LeNet-5

  • Made for the task of classifying hand-written digits. It was one of the earliest CNNs
    • It consists of two blocks — a convolutional block and a dense block.
    • In each convolutional block, we use a sigmoid activation function and subsequent average pooling operation.
    • After the convolutional block, we flatten the input through one last convolution to feed it into the dense block in order to use the extracted feature maps as input.
    • Model complexity is controlled via weight decay
  • It defined the use of convolutional layers, however it was not widely adopted due to a lack of hardware.
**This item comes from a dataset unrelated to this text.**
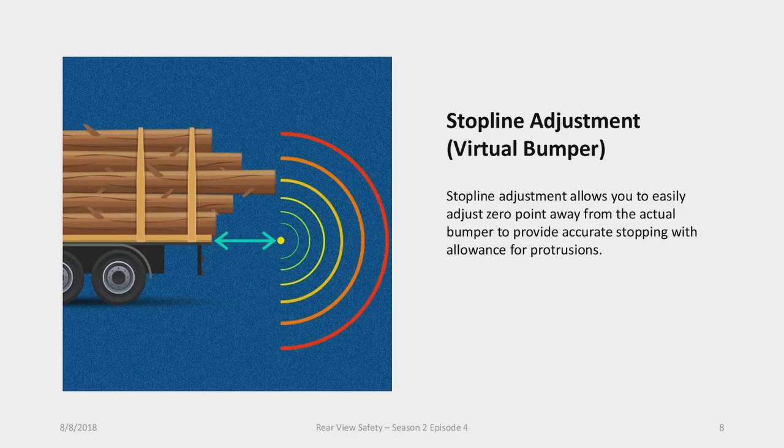The stop-line adjustment — also called a virtual bumper — lets you set where the sensors start sensing from. For example, on a log truck where a log or equipment protrudes further than the bumper, you can set the sensors to start sensing from a foot or so past the rear bumper, so you get the true distance to obstacles beyond the furthest protrusion. That's the new wireless sensor system from Mobile Awareness, now part of the Rearview Safety product line. The model number is IVS-125.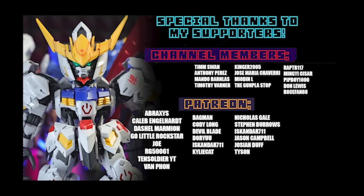This video would not have been possible without each and every one of you, so thank you so much for watching. Special thanks to those who helped out over on the channel memberships and on Patreon, including Abraxas, Caleb Englehart, Dashiell Marmion, Go Little Rockstar, Joe G59061, 10 Soldier YT, and Van Fawn.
LeNet-5. Image taken from Zhang et al.

AlexNet

  • An improved version of LeNet-5 that was made to run on GPUs. Parallelization greatly improved the performance.
  • Made use of modernized techniques such as Image Augmentation, Dropout, and the use of ReLU instead of the sigmoid as its activation function.
    • The use of ReLU means that training is easier and is less prone to the vanishing gradient.
    • Dropout controls the model complexity.
    • For parallelization, we use grouped convolutions

AlexNet. Image taken from Zhang et al.

VGG Network

  • Made use of convolutional blocks which perform a series of convolutions before any pooling is done.
  • The resulting network has the same number of parameters as a dense network with a wider convolutional kernel. However, the performance is much better.
  • The convolution layers were kept small to support a narrow yet deep network.
  • The resulting network has the same parameters as that of a dense network with a wider convolutional kernel, however, the performance is much better.

VGG Block. Image taken from Zhang et al.

Network In Networks

  • Aimed to address the fact that CNNs with too many parameters can slow down layers.

  • It also aimed to add more fully connected layers at the end of the network to introduce non-linearities without destroying the spatial structure of the network.

  • For low resolution images, the Global Average Pooling operation introduced more translational invariance.

  • It made use of 1x1 Convolutional layers to minimize the number of parameters without sacrificing accuracy by convolving over the channels of the image rather than compress it.

  • Each NiN block is multi-channel with an output equal to the number of classes.

  • After each NiN block is a Max Pooling operation. We forego the use of fully connected layers by instead having a Global Average Pooling operation.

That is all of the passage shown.